NVIDIA Is Right: Higher Hz Rates Help With Battle Royale Games

By Patrick Moorhead - March 7, 2019

There has been some discussion in the gaming and financial community if it makes sense for hugely popular Battle Royale games like PUBG, Fortnite and the recently released Apex Legends, to benefit from a high-end GPU. When I saw NVIDIA’s headline on its analysis, I thought, “duh” everybody knows this. Apparently, everyone doesn’t know this as NVIDIA poured an incredible of time and money into the analysis showing what I thought was obvious.

I could see how this misunderstanding happened as Battle Royales aren’t necessarily as graphics-rich as another kind of AAA games and gamers might run them at a lower resolution on lower-end graphics solutions. However, what some are missing is that playing at higher refresh rates on higher frequency displays with higher DPI mice helps gaming performance.
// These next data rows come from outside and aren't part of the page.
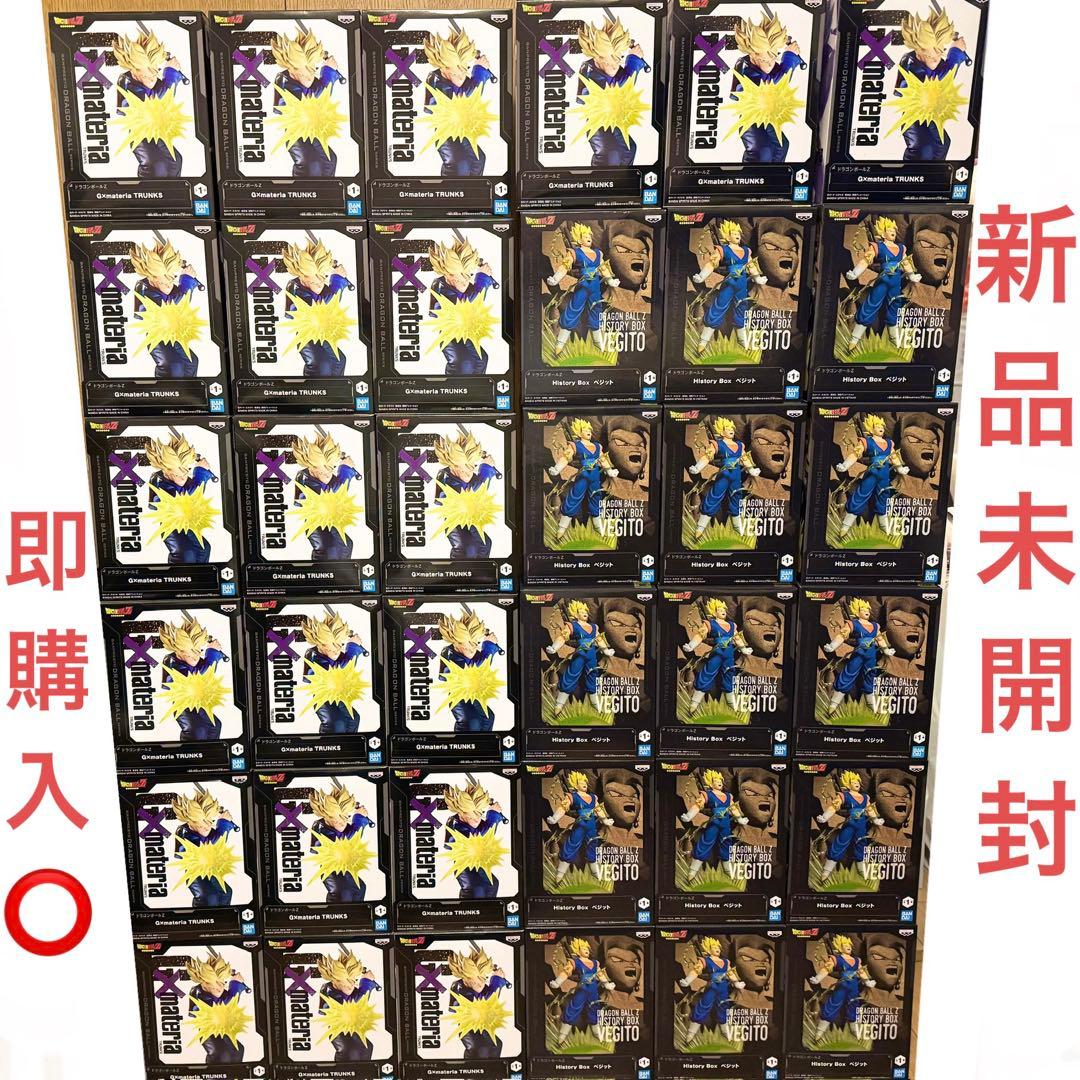 ドラゴンボール トランクス ベジット フィギュア36点セット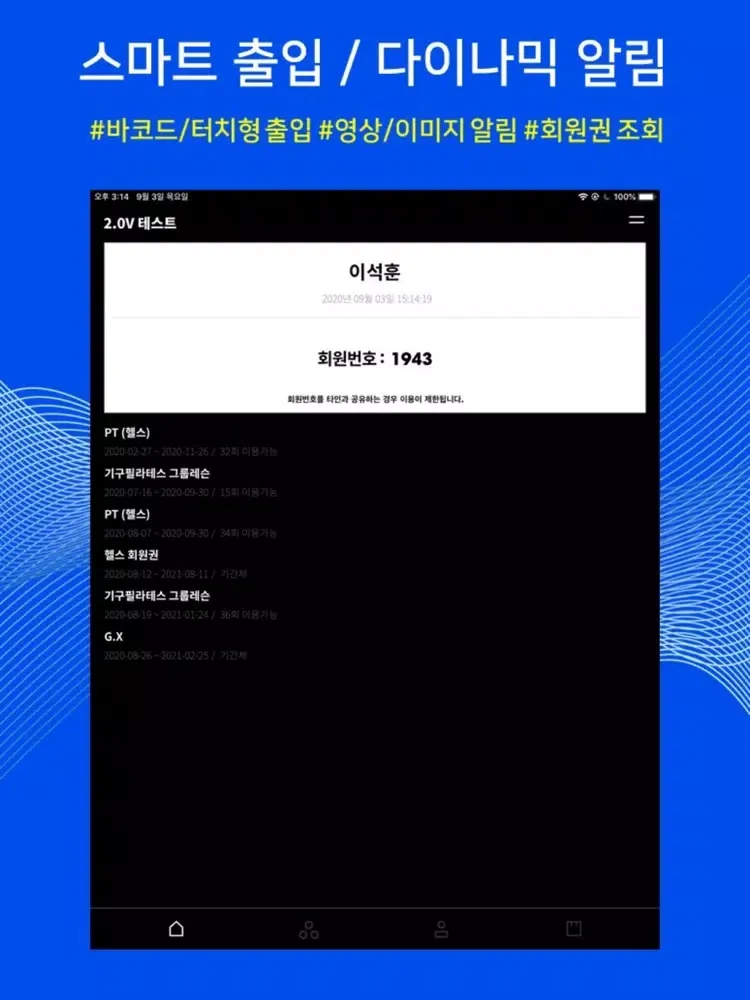 뷰릿 iPad  Screenshots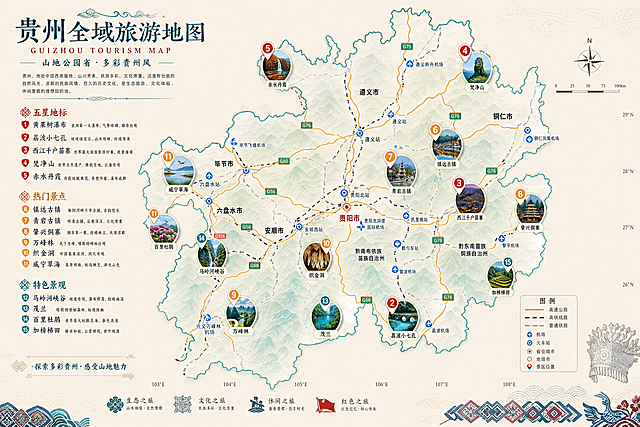 业设计风贵州全域旅游地图，300DPI超高清，矢量插画风格，简约高级质感。底色浅米色，省界青绿色线条，地形浅立体晕渲。完整高速、高铁、机场标识，搭配简约图标。 标注分级景点：五星地标黄果树瀑布、荔波小七孔、西江千户苗寨、梵净山、赤水丹霞；热门景点镇远古镇、青岩古镇、肇兴侗寨、万峰林、织金洞、威宁草海；特色景观马岭河峡谷、茂兰、百里杜鹃、加榜梯田。  注意地图坐标要准确，每个景点搭配简短中文介绍，字体排版整洁有序，文字清晰不模糊。主色调孔雀蓝、蜡染青、朱砂红、苗银灰，融入贵州苗绣、蜡染简约纹样装饰，留白充足，大气商务旅游宣传图，无水印。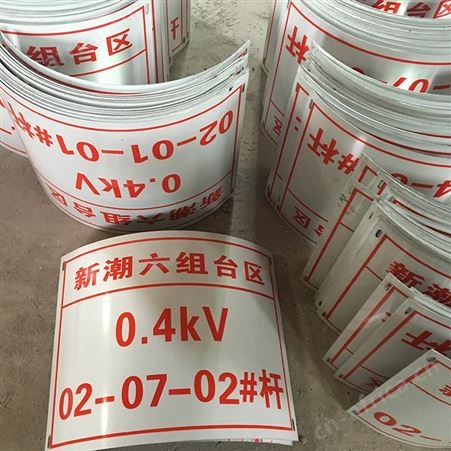 安全标示牌  严禁烟火 禁止吸烟 警示牌 铝板贴膜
NVIDIA showed that when using a higher-performance graphics card like the RTX 2080 versus a lower end one, gamers can get between 5-6X lower latency.

This makes sense to me as operating at higher refresh rates between cards and displays gamers can see the next frame quicker and will likely be smoother and sharper. This combines into better accuracy and faster gameplay.

NVIDIA also researched how kill-to-death are impacted by higher refresh rates, and it was what you would expect. NVIDIA shows how the newer RTX 20-Series graphics cards saw a 53% increase in kill-to-death ratio compared to a player using the older 600-series cards. One of the more interesting cuts of the data indicates that this is independent of skill level. Even gamers who don’t play a lot saw higher kill-to-death ratios.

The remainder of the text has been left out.